La maintenance prédictive s’avère cependant une affaire de longue haleine. On en parle depuis quelques années et les progrès ne se font pas à pas de géant, mais chaque année apporte sa petite dose de progrès. Et c’est ce qui nous permet d’être confiants dans les progrès à cinq ans notamment avec l’intégration des capteurs et de la vétronique qui permet de collecter automatiquement les données sur les matériels de nouvelle génération Scorpion, avec l’avantage majeur consistant à entretenir les matériels de manière bien plus frugale.

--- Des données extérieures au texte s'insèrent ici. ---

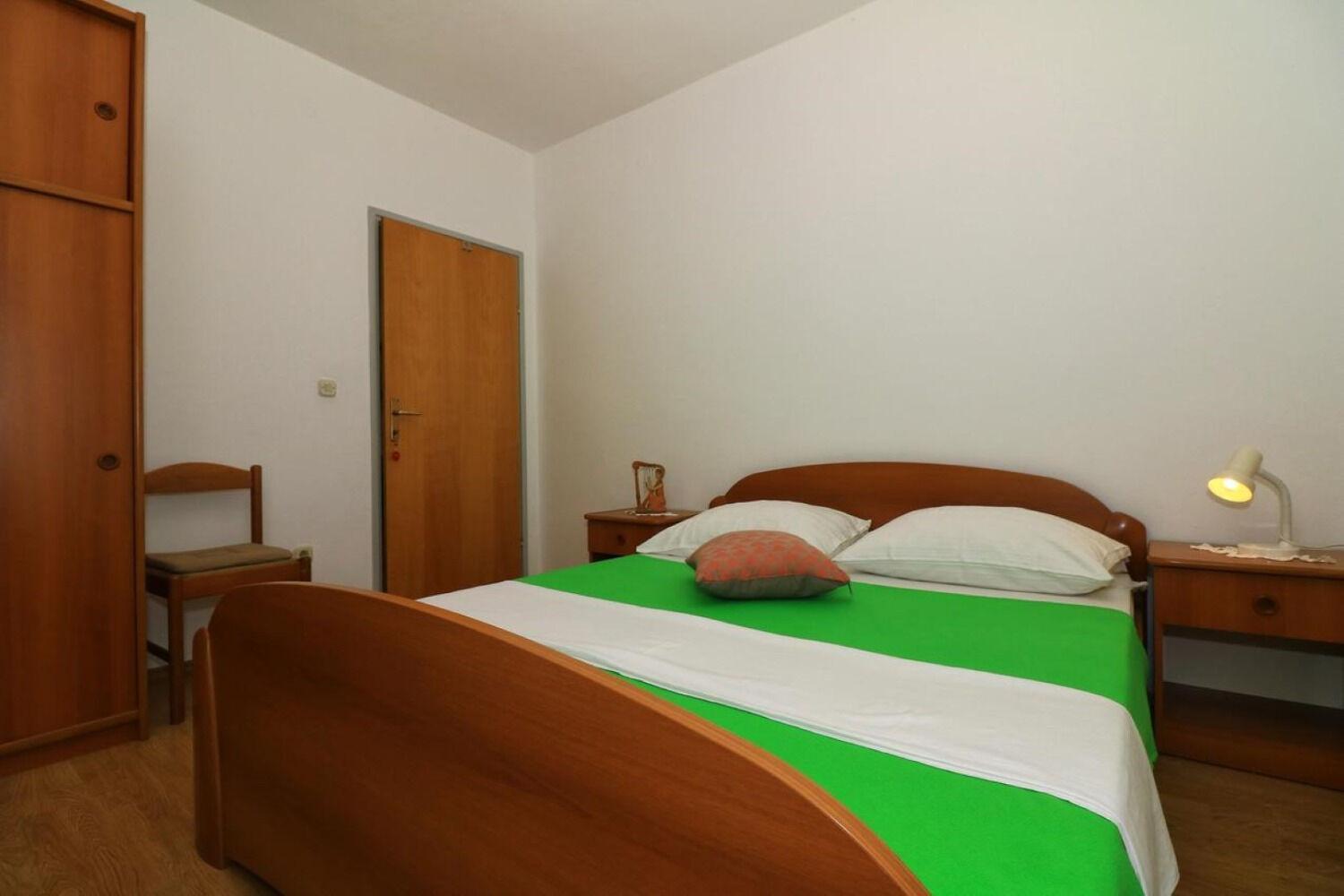 Apartments Slavica - Free Parking Jezera Exterior photo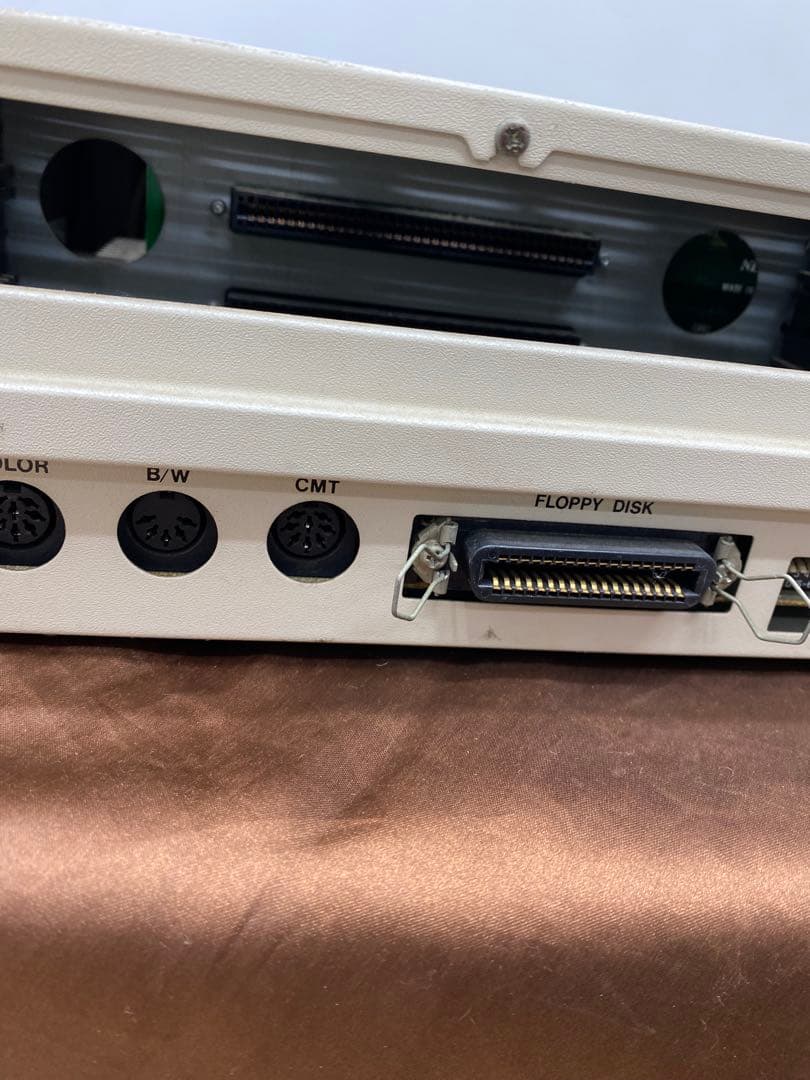 【レトロ・希少】NEC・PC-8801 本体+キーボード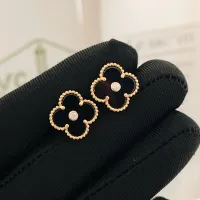 Cheap Van Cleef &amp; Arpels Earrings For Women #1406175 Replica Wholesale [$25.00 USD] [ITEM#1406175] on Replica Van Cleef &amp; Arpels Earrings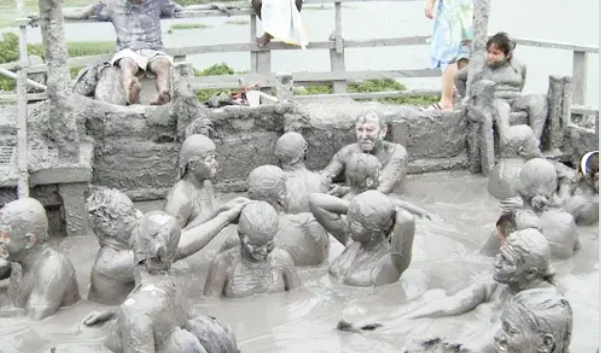 மருத்துவ மகத்துவம்: இயற்கையான மண் குளியல்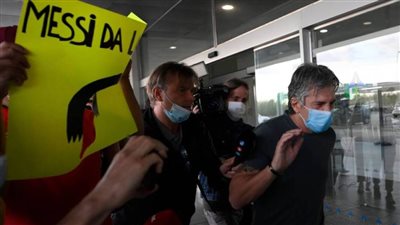 الأمور تتعقد.. والد «ميسي» يصل كتالونيا لحسم أزمة نجله مع برشلونة
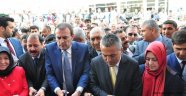 BU MİLLET ADAMI GÖZÜNDEN TANIR..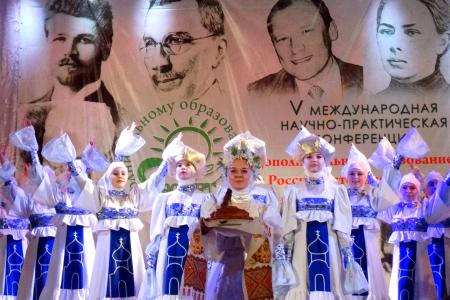 Курская область. Н.Н. Иванов принял участие в международной научно-практической конференции и провел совещание депутатов-коммунистов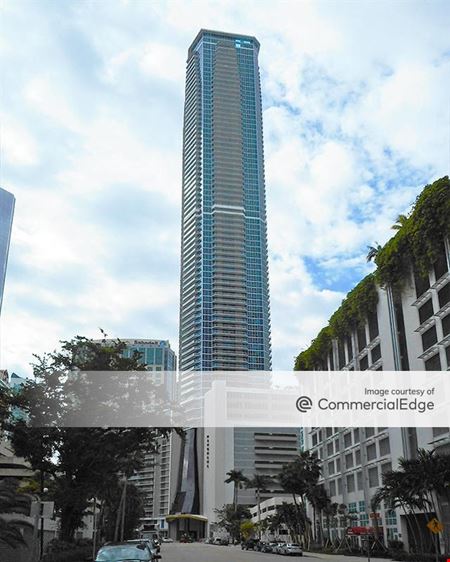 A look at Panorama Tower commercial space in Miami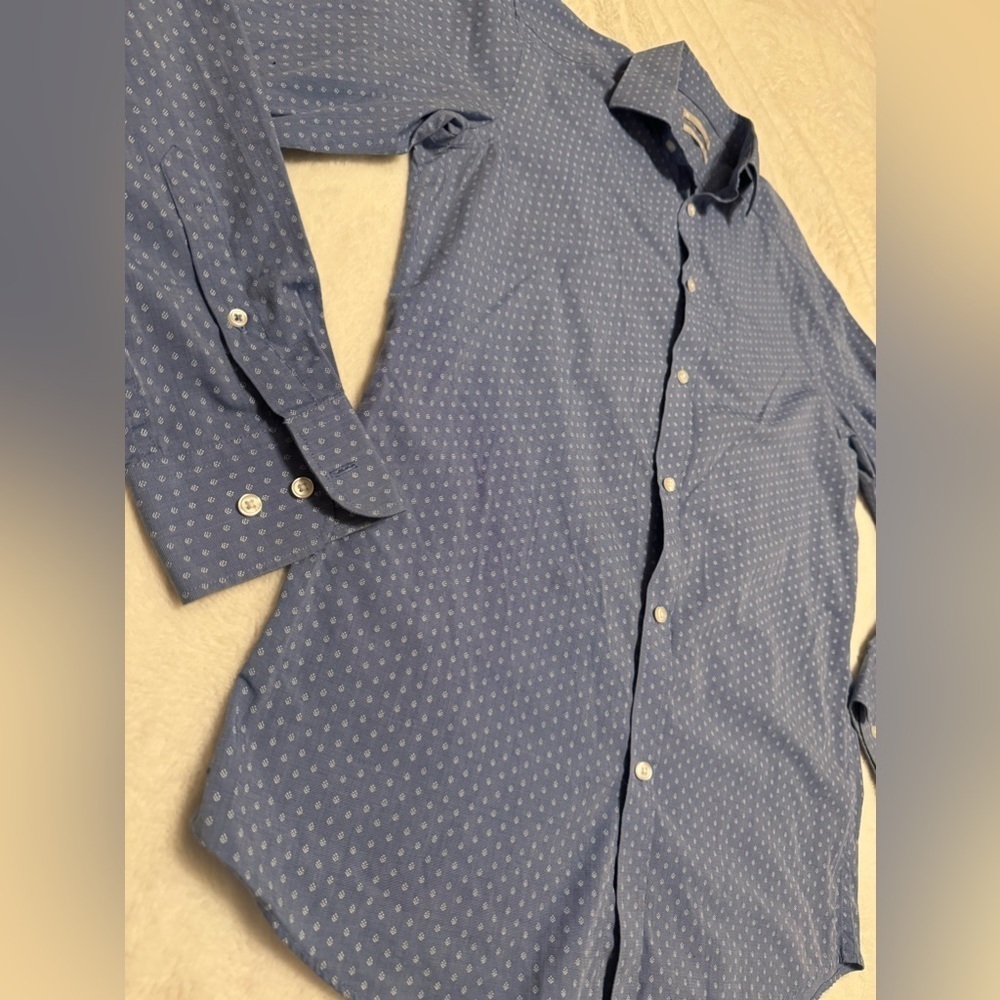 Mens Dress Shirt Size: S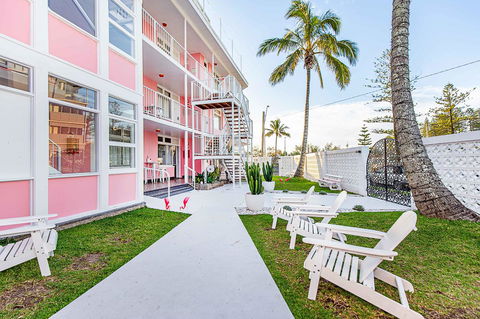 The Pink Hotel Coolangatta - Redcliffe Tourism 2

Nous pourrons entretenir quand ce sera nécessaire, alors qu’aujourd’hui l’entretien programmé impose à tous les véhicules qui ont tel kilométrage ou tant d’heures moteur de subir la même visite. Demain, nous serons capables de dire : « Je peux retarder telle visite » ou au contraire : « Je dois l’avancer parce que je sais comment va vivre mon équipement ». La maintenance prédictive est un des grands axes de progrès, mais nous n’y sommes pas encore vraiment.

C’est en ce sens qu’un salon comme Eurosatory est particulièrement intéressant, parce que beaucoup d’entreprises travaillent sur le sujet, et nous faisons appel à ces dernières pour venir nous appuyer.

Autre avantage de la numérisation et de l’automatisation qu’elle engendre : une gestion fine des stocks, dont nous connaissons les besoins, mais dont le problème est le financement. Tous les ans, nous faisons un inventaire complet des stocks que le monde civil détient pour nous, et nous sommes en train d’interconnecter nos systèmes d’information logistiques. Nous pouvons donc affirmer que SIM@T, le système d’information logistique de la maintenance terrestre, est le premier SIL, système d’information logistique, à être connecté au système d’information logistique de ses fournisseurs.

Etre en mesure de passer de notre système à l’internet civil constitue non seulement une prouesse technologique, mais une veritable révolution. Aujourd’hui, nous pouvons directement connaître l’état des stocks chez notre industriel pour savoir si ces pièces sont là et passer directement commande en connaissant le délai de livraison.

 

L’innovation au service de l’allègement de l’empreinte logistique

L’innovation va également nous aider à alleger le poids de notre logistique : la fabrication additive – ou impression 3D – va être une des solutions pour nous permettre d’aller vers une logistique elle aussi beaucoup plus réactive et beaucoup plus frugale. En opération extérieure, il est parfois nécessaire de commander une pièce en urgence en métropole, aussi il est clair que le fait de posséder une imprimante 3D capable de fabriquer la pièce manquante s’avèrera particulièrement bénéfique.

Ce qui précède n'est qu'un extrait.